Quatre milliards de nouvelles dépenses dans des programmes favorisant l'accès à la propriété, la formation de la main-d'oeuvre, la protection des frontières, l'achat de véhicules électriques ou la réconciliation avec les peuples autochtones portent à tout près de 20 milliards le déficit prévu dans le dernier budget du gouvernement libéral actuel, présenté cet après-midi par le ministre des Finances, Bill Morneau.

Justin Trudeau aurait pu profiter de la bonne tenue de l'économie canadienne, qui a amélioré la santé financière de son gouvernement de 4,8 milliards uniquement depuis son énoncé économique de l'automne dernier, pour se présenter aux électeurs dans quelques mois avec un déficit inférieur à celui qui avait été prévu.
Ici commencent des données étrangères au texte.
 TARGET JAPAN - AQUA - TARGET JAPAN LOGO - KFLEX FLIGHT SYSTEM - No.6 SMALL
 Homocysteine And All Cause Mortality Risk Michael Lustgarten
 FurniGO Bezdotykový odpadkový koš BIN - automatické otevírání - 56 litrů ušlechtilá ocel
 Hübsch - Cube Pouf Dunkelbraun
Le premier ministre et M. Morneau ont plutôt choisi de réinvestir immédiatement ces sommes. Les quatre milliards de dépenses supplémentaires annoncés hier pour l'année 2019-2020 s'ajoutent au milliard déjà inclus dans l'énoncé économique de l'automne pour porter à 19,8 milliards le déficit prévu. Il était de 19,6 milliards à l'automne.
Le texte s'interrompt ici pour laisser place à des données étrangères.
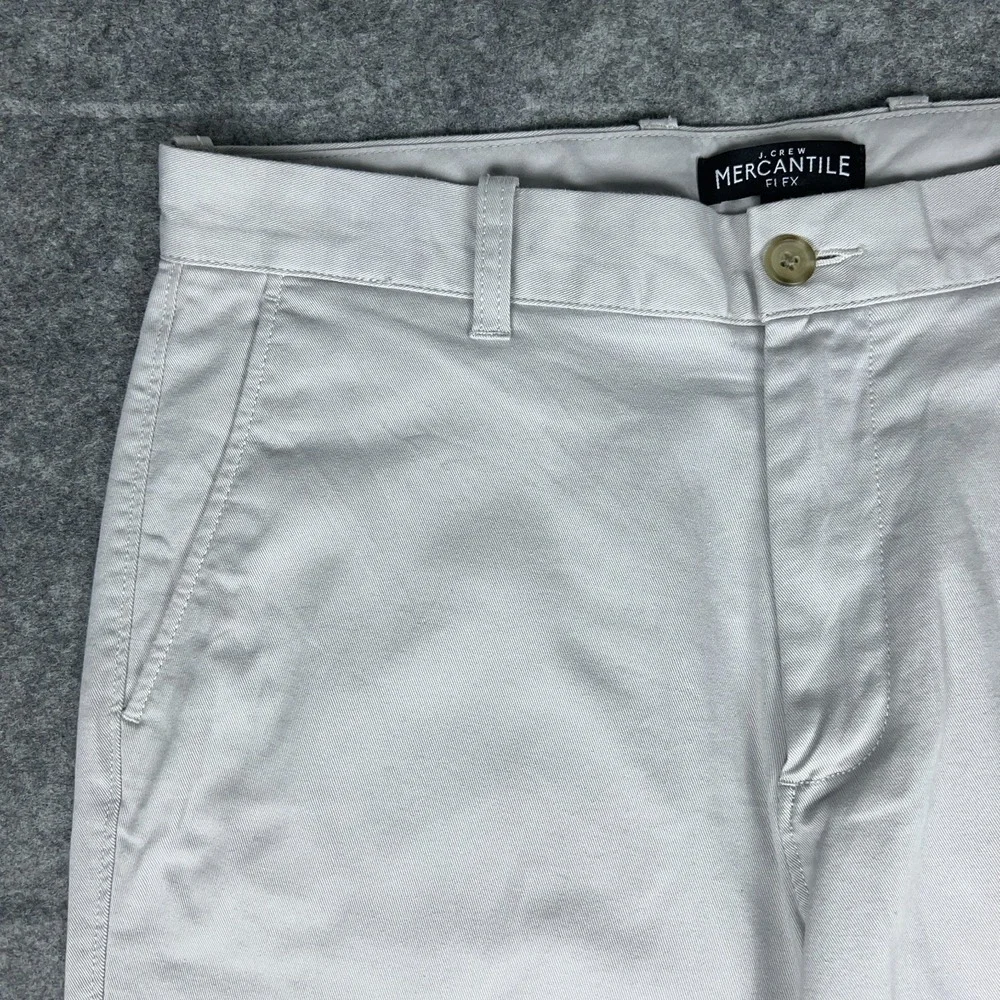 J Crew Pants Mens 32x32 Gray Athletic‎ Fit Flex Stretch Performance Chino Office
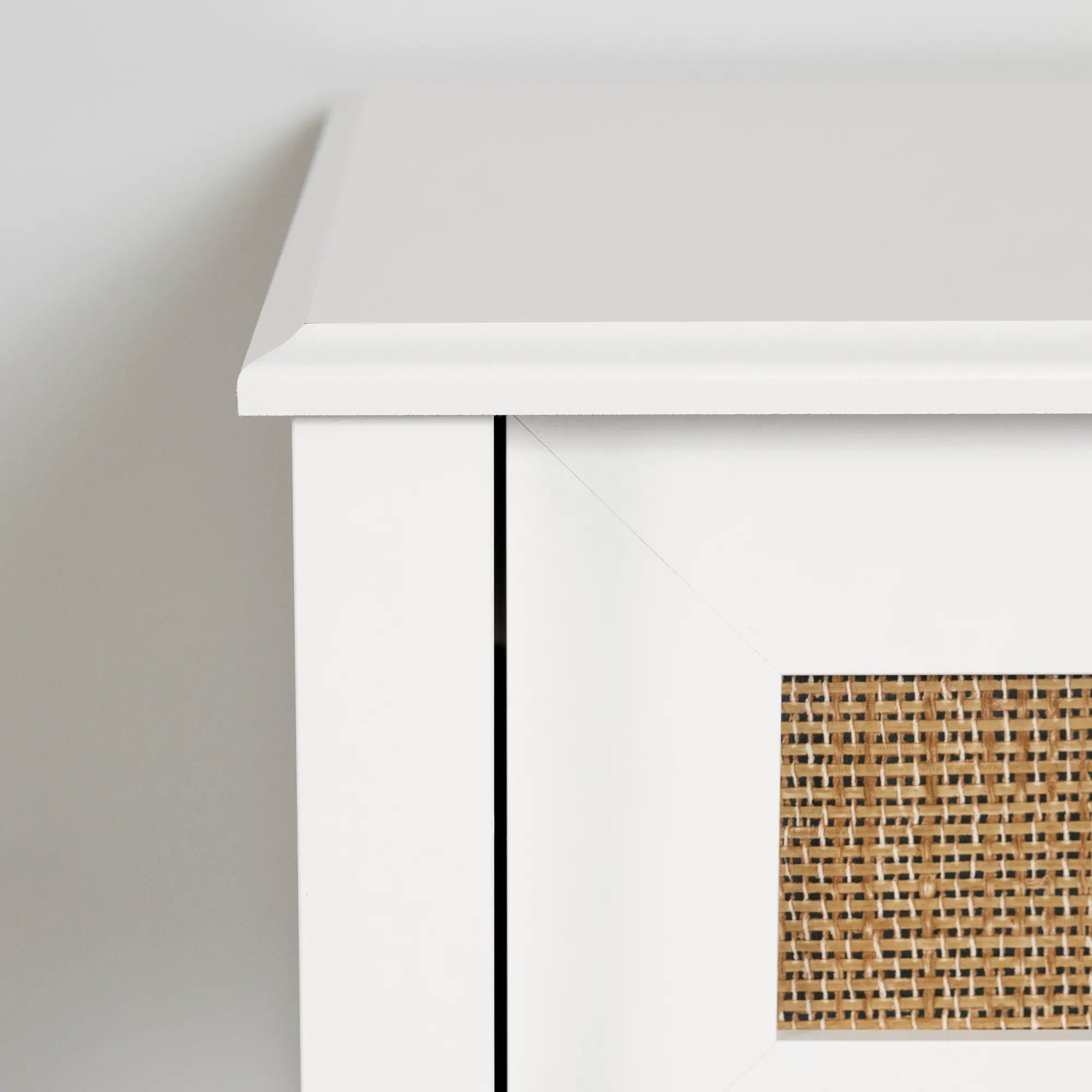 14377 Bloom White & Printed Rattan 1-Drawer Nightstand - South Shore-1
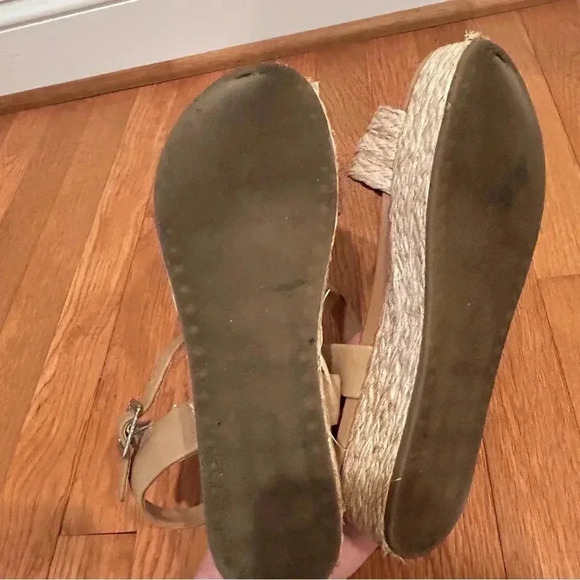 Steve Madden Accord Espadrille Platform Sandals Strap Tan Women’s Size 9 - Picture 6 of 8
Du coup, la promesse faite lors de la dernière campagne électorale d'effacer les déficits avant la fin du mandat est officiellement brisée. Ce n'est pas étonnant, dans la mesure où cela avait été télégraphié dès le premier des quatre budgets Morneau.
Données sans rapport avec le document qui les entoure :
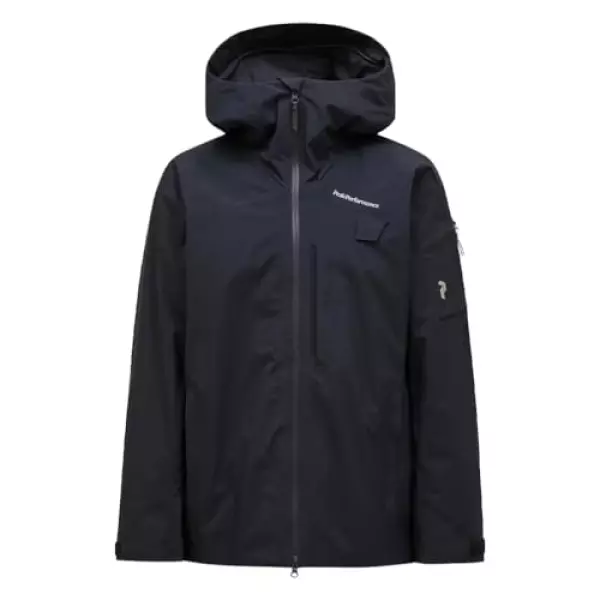 PeakPerformance ピークパフォーマンス アルパインゴアテックス2Lジャケット メンズ M ブラック 黒 2023秋冬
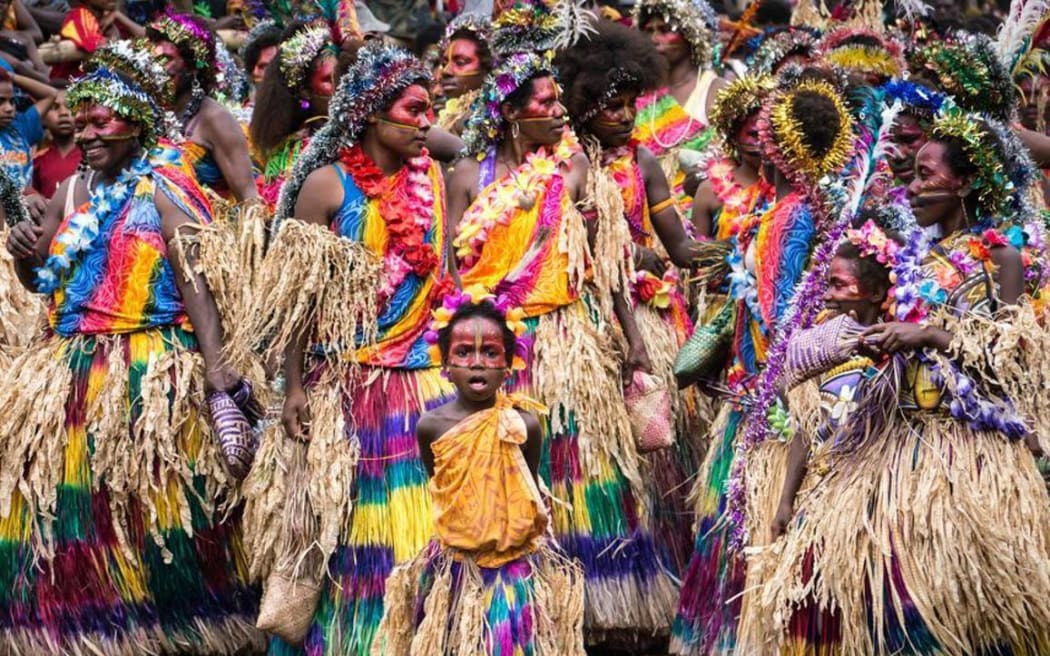 Tanna women in traditional dress.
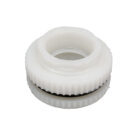 Cabinet Sandblaster Parts, Parts Washer Replacement Parts, Parts & Accessories, 2" Nylon Bulkhead Fitting with Rubber Washer, 621 Nylon Bulkhead, American Hawk Industrial, Dee-Blast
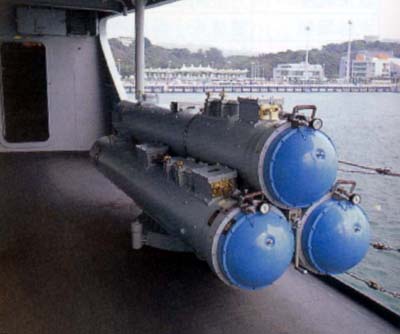 167舰上的反潜鱼雷发射装置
« Nous l'avons expliqué au début et nous continuons avec notre approche selon laquelle c'est nécessaire de faire des investissements dans la classe moyenne, s'est défendu hier M. Morneau. C'est une approche qui, clairement, fonctionne. Nous sommes dans une meilleure situation. Nous pouvons donc expliquer aujourd'hui, comme hier et comme demain, que c'était nécessaire de faire des investissements. »

Il s'est par ailleurs refusé à fournir un nouvel échéancier de retour à l'équilibre, mais a rappelé que le ratio du déficit et de la dette sur le produit intérieur brut, et donc leur poids sur l'économie canadienne, allait continuer de diminuer.

Accès à la propriété

Quelques éléments clés de ce nouveau budget touchent l'accès à une première propriété. Ottawa tente de s'attaquer au problème sans alimenter davantage la surchauffe du marché immobilier.

Il croit notamment y parvenir en créant un nouvel « Incitatif à l'achat d'une première propriété », en collaboration avec la Société canadienne d'hypothèque et de logement (SCHL). Celui-ci prendra la forme d'un ajout à la mise de fonds des acheteurs, versé par la SCHL, visant à réduire le montant du prêt hypothécaire, et donc des paiements mensuels, de ces derniers. Les modalités du remboursement n'ont pas encore été déterminées, mais celui-ci pourrait n'être exigible qu'à la revente.

Des ajustements seront également apportés aux règles entourant le Régime d'accession à la propriété (RAP), dont le rehaussement de 25 000 $ à 35 000 $ de son plafond.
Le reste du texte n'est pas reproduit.